The first migrating Siberian swans arrived in Britain today marking the official end of summer with experts warning their early appearance signalled a harsh winter ahead.
Every winter around 250 Bewick’s Swans arrive at the Wildfowl and Wetlands Trust nature reserve at Slimbridge, Glos., after flying 2,500 miles from Arctic Russia.
The swans’ arrival generally signals the official start to the British winter as the birds head south to escape the Arctic winds following behind them.
They touched down at dawn yesterday — three weeks earlier than last year – the earliest arrival since 2003 when they flocked in on October 18.
Eight of the magnificent birds swooped into the reserve on Monday morning – including five yearlings which were last year’s juveniles.
Two of the flock, Riso and Risa, are among those to return and have been doing so for the last 13 years.

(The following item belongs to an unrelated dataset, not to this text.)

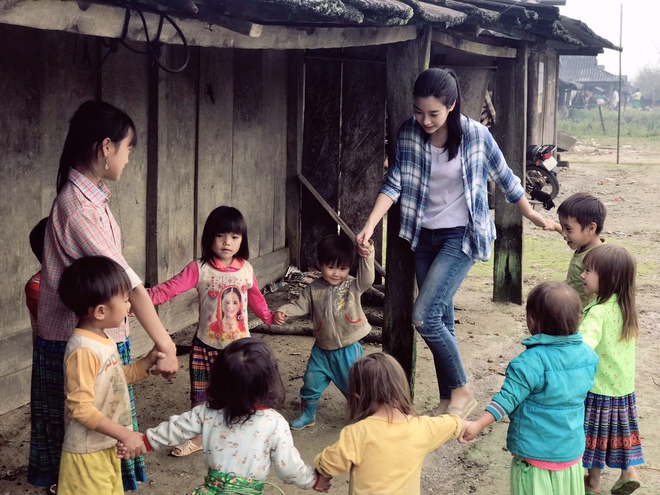 Ăn mặc xuề xòa, Hoa hậu Mỹ Linh vẫn tươi như hoa sau khi bị cô lập ở vùng bão Yên Bái - Ảnh 7.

James Lees, Reserve Warden at Slimbridge, said: ”They have flown 2,500 miles from their breeding grounds in Russia, so will probably rest for most of today.
”It has been widely reported in the news that forecasters have predicted it will be just as cold this winter as last and the Bewick’s early arrival could support this, and could even mean we are in for an even colder winter this year.

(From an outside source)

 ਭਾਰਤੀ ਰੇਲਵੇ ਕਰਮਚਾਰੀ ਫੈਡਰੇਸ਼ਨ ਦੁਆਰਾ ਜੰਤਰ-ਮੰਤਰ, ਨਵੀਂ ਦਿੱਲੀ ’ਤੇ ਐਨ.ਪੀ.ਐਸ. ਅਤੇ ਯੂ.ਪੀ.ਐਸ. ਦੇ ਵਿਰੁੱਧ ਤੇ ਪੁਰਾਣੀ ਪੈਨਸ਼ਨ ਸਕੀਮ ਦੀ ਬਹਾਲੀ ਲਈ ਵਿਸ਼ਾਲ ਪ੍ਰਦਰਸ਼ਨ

”If nothing else they have brought the arctic weather with them as this week is set to be fairly chilly.
”Every year we look forward to the arrival of the Bewick’s swans and starting our public swan feeds towards the end of November.
”They are amazing birds to watch and it is fascinating studying their bill patterns and keeping track of the different families through generations.”
The Bewick’s, the smallest and rarest members of the swan family, live in Siberia during the summer.
In winter they migrate west – aided by chilling easterly winds – to escape winter temperatures of -25 degrees C.
They normally arrive at Slimbridge in a steady stream between October and January.
Bewick’s have migrated to Slimbridge every winter for 60 years and adult swans teach their signets the route.
Reserve bosses are hopeful that Crinkly, who suffers from a wonky neck, also returns to Slimbridge this year.
Visitors flock to see the now iconic bird, now seven, which found love in 2007 after years of being alone due to her deformed neck.
And, if Winterling arrives this year, she will become the oldest bird at 29 to regularly visit the reserve – clocking up a staggering 170,000 km in her lifetime.